L'État n'a rien à faire là-dedans
Pour lui, l'amour était une affaire privée. Ce qui se passait entre eux ne regardait qu'eux deux, pas un tribunal, pas une mairie, pas un notaire. Un papier officiel ne rendrait pas leur relation plus réelle ni plus solide — alors pourquoi s'y soumettre ?
La peur de te voir « te laisser aller »
Et puis il y avait cette raison-là, qu'il a osé formuler à voix haute : il avait peur qu'une fois mariée, tu ne fasses plus d'efforts. Plus de lingerie, plus de maquillage, cheveux négligés, jogging à la maison. « Le mariage, c'est le début de la fin de la séduction », disait-il.
Oui, il l'a vraiment dit.
Le poids du trauma
Le plus difficile à entendre, c'était celui-là : « Ne le prends pas personnellement, mais je n'épouserai jamais personne. Le mariage de mes parents m'a traumatisé pour toujours. »

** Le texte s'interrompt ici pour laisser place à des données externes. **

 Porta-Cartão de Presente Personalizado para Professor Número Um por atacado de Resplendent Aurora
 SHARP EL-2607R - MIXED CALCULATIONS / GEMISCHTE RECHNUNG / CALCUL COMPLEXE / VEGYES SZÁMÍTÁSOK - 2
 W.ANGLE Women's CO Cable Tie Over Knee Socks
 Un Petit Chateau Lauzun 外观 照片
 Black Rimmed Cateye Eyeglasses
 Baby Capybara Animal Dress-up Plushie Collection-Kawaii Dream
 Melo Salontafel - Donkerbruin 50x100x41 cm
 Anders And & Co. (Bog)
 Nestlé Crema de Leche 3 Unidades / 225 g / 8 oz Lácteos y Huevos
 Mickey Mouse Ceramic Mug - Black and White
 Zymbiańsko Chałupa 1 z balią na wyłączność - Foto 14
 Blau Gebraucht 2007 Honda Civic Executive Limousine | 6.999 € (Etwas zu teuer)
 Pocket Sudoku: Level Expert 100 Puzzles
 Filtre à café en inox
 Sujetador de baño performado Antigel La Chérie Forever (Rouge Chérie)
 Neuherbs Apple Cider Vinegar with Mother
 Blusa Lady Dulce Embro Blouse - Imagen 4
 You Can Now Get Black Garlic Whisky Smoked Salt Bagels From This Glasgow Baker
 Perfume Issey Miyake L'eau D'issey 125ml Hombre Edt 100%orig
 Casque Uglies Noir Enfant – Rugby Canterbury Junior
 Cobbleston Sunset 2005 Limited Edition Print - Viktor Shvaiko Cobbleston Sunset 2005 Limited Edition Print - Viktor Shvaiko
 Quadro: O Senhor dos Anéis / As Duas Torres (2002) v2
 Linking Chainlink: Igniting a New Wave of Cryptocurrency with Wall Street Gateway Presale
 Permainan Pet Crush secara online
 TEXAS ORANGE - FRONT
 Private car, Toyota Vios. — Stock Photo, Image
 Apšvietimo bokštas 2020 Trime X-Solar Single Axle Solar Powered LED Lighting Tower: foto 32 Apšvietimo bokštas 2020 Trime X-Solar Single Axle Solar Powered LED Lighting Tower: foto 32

Et là, difficile de ne pas comprendre. Son père et sa mère ne se détestaient pas à demi — c'était une haine profonde, quotidienne, sans répit. Ils ne se chamaillaient pas avec une tendresse cachée au fond : ils se haïssaient vraiment. Et pourtant, ils n'avaient jamais divorcé. Ce paradoxe-là, il ne l'avait jamais digéré.
Quand le mariage est la première image qu'on a de l'amour, il est parfois plus facile de tout refuser que de risquer de reproduire ce qu'on a vu.